▸ **Data items**
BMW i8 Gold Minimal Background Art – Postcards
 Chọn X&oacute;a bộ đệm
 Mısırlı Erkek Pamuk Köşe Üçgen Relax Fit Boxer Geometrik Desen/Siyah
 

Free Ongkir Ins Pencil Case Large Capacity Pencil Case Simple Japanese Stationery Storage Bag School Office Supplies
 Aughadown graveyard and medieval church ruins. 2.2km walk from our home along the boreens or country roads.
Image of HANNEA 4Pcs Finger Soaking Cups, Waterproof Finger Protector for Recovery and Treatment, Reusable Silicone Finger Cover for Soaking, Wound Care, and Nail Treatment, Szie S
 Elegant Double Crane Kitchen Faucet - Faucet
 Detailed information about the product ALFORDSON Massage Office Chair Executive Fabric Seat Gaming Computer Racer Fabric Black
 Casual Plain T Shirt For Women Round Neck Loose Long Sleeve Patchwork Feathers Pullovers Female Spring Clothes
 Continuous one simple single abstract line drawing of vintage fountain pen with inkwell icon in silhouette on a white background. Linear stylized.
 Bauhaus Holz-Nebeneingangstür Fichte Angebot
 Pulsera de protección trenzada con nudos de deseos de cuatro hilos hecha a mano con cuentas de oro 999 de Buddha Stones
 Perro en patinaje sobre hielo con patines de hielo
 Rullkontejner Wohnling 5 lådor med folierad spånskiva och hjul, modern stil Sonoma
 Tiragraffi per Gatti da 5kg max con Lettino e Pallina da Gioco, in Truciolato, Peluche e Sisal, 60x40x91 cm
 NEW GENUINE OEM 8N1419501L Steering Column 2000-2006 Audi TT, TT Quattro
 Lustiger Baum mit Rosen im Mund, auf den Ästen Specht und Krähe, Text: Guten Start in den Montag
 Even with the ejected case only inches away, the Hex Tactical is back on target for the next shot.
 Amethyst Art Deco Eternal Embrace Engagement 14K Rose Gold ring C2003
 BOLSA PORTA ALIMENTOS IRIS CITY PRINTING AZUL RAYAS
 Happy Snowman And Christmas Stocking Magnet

▸ **Description of the task**
In full and without alteration, retype the entries above.

▸ **Exercise solution**
BMW i8 Gold Minimal Background Art – Postcards
 Chọn X&oacute;a bộ đệm
 Mısırlı Erkek Pamuk Köşe Üçgen Relax Fit Boxer Geometrik Desen/Siyah
 

Free Ongkir Ins Pencil Case Large Capacity Pencil Case Simple Japanese Stationery Storage Bag School Office Supplies
 Aughadown graveyard and medieval church ruins. 2.2km walk from our home along the boreens or country roads.
Image of HANNEA 4Pcs Finger Soaking Cups, Waterproof Finger Protector for Recovery and Treatment, Reusable Silicone Finger Cover for Soaking, Wound Care, and Nail Treatment, Szie S
 Elegant Double Crane Kitchen Faucet - Faucet
 Detailed information about the product ALFORDSON Massage Office Chair Executive Fabric Seat Gaming Computer Racer Fabric Black
 Casual Plain T Shirt For Women Round Neck Loose Long Sleeve Patchwork Feathers Pullovers Female Spring Clothes
 Continuous one simple single abstract line drawing of vintage fountain pen with inkwell icon in silhouette on a white background. Linear stylized.
 Bauhaus Holz-Nebeneingangstür Fichte Angebot
 Pulsera de protección trenzada con nudos de deseos de cuatro hilos hecha a mano con cuentas de oro 999 de Buddha Stones
 Perro en patinaje sobre hielo con patines de hielo
 Rullkontejner Wohnling 5 lådor med folierad spånskiva och hjul, modern stil Sonoma
 Tiragraffi per Gatti da 5kg max con Lettino e Pallina da Gioco, in Truciolato, Peluche e Sisal, 60x40x91 cm
 NEW GENUINE OEM 8N1419501L Steering Column 2000-2006 Audi TT, TT Quattro
 Lustiger Baum mit Rosen im Mund, auf den Ästen Specht und Krähe, Text: Guten Start in den Montag
 Even with the ejected case only inches away, the Hex Tactical is back on target for the next shot.
 Amethyst Art Deco Eternal Embrace Engagement 14K Rose Gold ring C2003
 BOLSA PORTA ALIMENTOS IRIS CITY PRINTING AZUL RAYAS
 Happy Snowman And Christmas Stocking Magnet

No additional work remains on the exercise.